More recently, some sunscreen manufacturers have begun to use zinc oxide sunscreens within which the oxide particles are nanoscale. These sunscreens are transparent (colorless) in the visible region whereas the normal zinc oxide sunscreens tend to be white and opaque.
In this lab activity students will look at one property of silver which depends upon the size of the silver: its color. Since the mechanism by which the color depends upon size (and particle geometry) is more complicated than applicable for most high school classes, the mechanism of another material property which depends upon size is presented in an abstract manner.

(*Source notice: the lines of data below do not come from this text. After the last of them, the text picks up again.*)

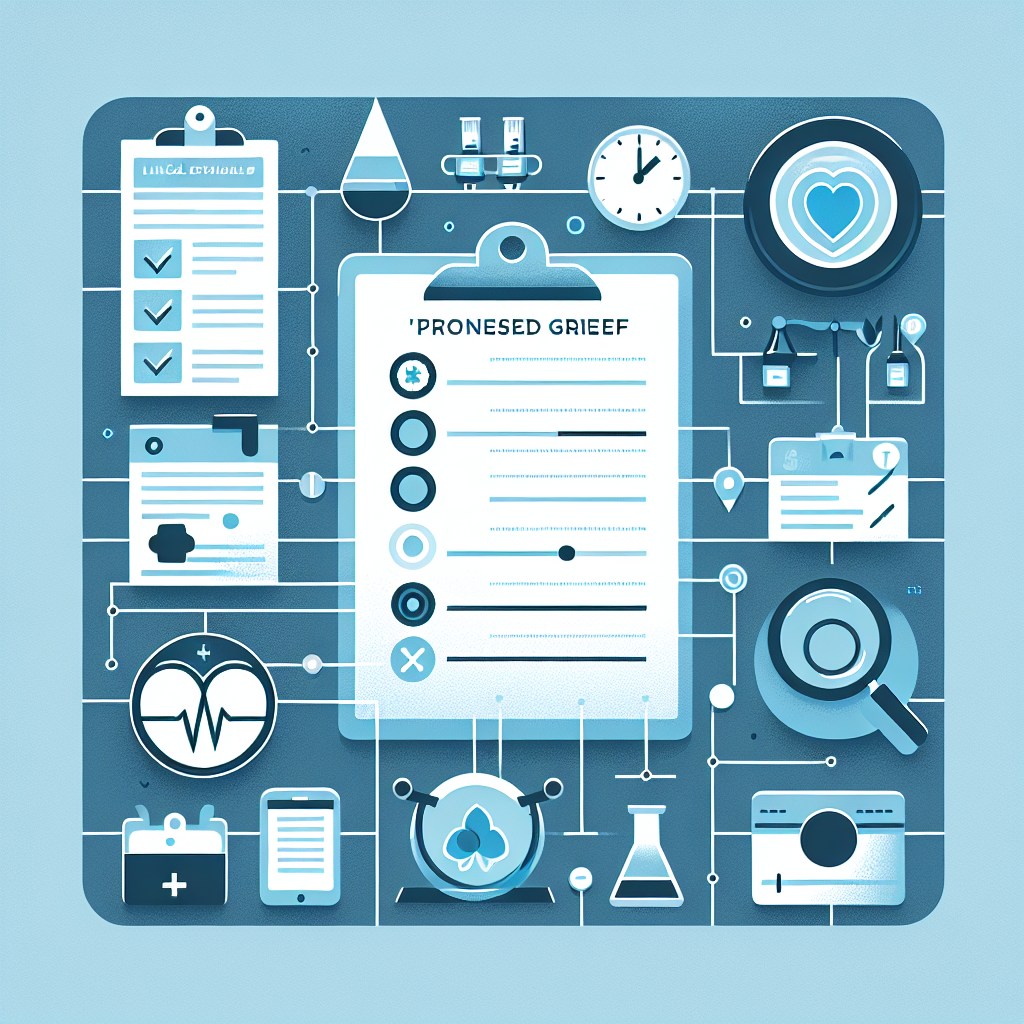 Diagnóstico en la consulta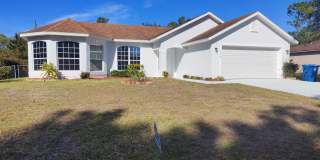 219 Aladdin St Ne Gallery 1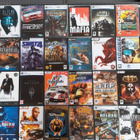 40 kpl PC PELI Paketti. Suurin osa CIB - pikkukuva 2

This lab also deals with concepts of redox reactions, colloidal solutions, interactions of light with matter (color, transmission, absorption, scattering) and stoichiometry. The lab could be used in conjunction with any of those topics as it is presented throughout the curriculum, and could be done early in the year and referenced later as the other topics arise, allowing a thematic nanotechnology link to the curriculum.
Advanced Preparation
Materials:
Reagents
Silver Nitrate, AgNO3
Trisodium citrate, C3H4OH(COO-Na+)3
Polyvinyl Pyrrolidone, PVP (MW 29k gmol-1)
Sodium borohydride, NaBH4
H2O2 (3%) (stored in the fridge)
The sodium citrate, sodium borohydride, and PVP are not standard chemicals in a high school laboratory but can be ordered from Sigma-Aldrich, or EMD.
PVP: 234257 – 5G$24.50Sigma-Aldrich
NaBH4: SX0380-3 $41.20EMD
Trisodium Citrate: S4641 – 25G$18.10Sigma-Aldrich
Equipment
Glass Vials with lids
Plastic Syringes or Micropipettes
(Optional) Spectrophotometer
Preparation of Stock Solution:
1) 1 mM AgNO3 stock solution
Add 0.17 g of AgNO3 to a 1 L volumetric flask. Add enough deionized water to dissolve the silver nitrate, then add additional water to raise the solution volume to the white line.

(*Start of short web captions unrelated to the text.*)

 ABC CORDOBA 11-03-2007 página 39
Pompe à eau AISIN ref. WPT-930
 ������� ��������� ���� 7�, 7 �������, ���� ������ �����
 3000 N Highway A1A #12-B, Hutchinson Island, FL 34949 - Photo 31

2) 3 mM Trisodium Citrate solution
Dissolve 0.44 g in 500 mL of DI water.
3) 0.7 mM PVP stock solution
Dissolve 1.02 g in 50 mL of DI water.
4) 10 mM NaBH4 stock solution*
Add 1.85 g of NaBH4 to a 500 mL volumetric flask. Add enough deionized water to dissolve the sodium borohydride, then add additional water to raise the solution volume to the white line. This makes a 100 mM solution. You will need to dilute this solution by a factor of ten. Save 50 mL of the 100 mM solution, rinse the volumetric flask thoroughly with deionized water, then combine the 50 mL of 100 mM NaBH4 with an additional 450 mL of DI water to form the 10 mM solution.
* It is best to prepare a fresh solution of NaBH4 on the day of the synthesis.
Note: we have found that avoiding contact between metals (i.e. spatulas) and the reagents is advantageous. You can use a Pasteur pipette to transfer small amounts of reagents.
Safety Instructions
Goggles are required for this laboratory. Silver nitrate can stain the skin. Due to the potential (although unlikely) for silver nanoparticles to pass through the skin, gloves should probably be worn. Waste chemicals should be collected and treated as hazardous waste due to the presence of nano sized materials.
Directions for the Activity
DAY ONE
- Depending on your normal approach, students may be assigned to complete a prelab for this activity. See the student worksheet which has answers and a sample data table.
- To introduce the activity on the day you begin, demonstrate the single replacement of silver ions in solution by a more reactive metal. Using a document projector, add 0.1 M AgNO3 to some magnesium metal filings. During the time that it takes you to introduce or remind the students of the concept of reduction and oxidation, silver will precipitate out onto the magnesium. You may collect the silver by filtering if you choose. Give students a chance to observe the bulk properties of silver, particularly its color.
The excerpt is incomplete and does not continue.